[Short descriptive text snippets]
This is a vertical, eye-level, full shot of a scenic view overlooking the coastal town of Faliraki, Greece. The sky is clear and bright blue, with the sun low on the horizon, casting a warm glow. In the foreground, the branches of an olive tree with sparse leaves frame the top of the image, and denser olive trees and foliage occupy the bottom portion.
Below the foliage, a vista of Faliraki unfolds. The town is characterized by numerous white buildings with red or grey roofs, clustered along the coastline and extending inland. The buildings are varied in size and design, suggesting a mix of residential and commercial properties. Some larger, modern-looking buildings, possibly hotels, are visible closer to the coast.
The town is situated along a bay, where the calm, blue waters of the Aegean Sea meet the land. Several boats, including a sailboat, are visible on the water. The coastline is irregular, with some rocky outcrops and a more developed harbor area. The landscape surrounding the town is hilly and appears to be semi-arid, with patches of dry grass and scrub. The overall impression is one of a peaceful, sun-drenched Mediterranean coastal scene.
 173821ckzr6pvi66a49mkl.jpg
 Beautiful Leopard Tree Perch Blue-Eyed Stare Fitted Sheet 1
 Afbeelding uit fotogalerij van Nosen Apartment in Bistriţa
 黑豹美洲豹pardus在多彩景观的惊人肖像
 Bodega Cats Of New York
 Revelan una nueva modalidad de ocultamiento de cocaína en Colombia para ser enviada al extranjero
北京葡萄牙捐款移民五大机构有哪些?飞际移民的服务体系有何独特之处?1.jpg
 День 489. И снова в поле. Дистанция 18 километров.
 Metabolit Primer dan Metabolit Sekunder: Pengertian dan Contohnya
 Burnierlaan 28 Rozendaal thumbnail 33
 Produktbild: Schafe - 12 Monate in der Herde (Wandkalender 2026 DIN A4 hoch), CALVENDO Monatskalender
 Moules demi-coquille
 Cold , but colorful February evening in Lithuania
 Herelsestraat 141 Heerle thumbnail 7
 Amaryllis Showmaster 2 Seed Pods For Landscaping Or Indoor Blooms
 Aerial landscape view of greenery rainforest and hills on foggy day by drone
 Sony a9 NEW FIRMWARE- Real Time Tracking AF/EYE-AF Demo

§ Problem
Scan the preceding records for lines with the word "town". Say how many there are and nothing else.

§ Task output
3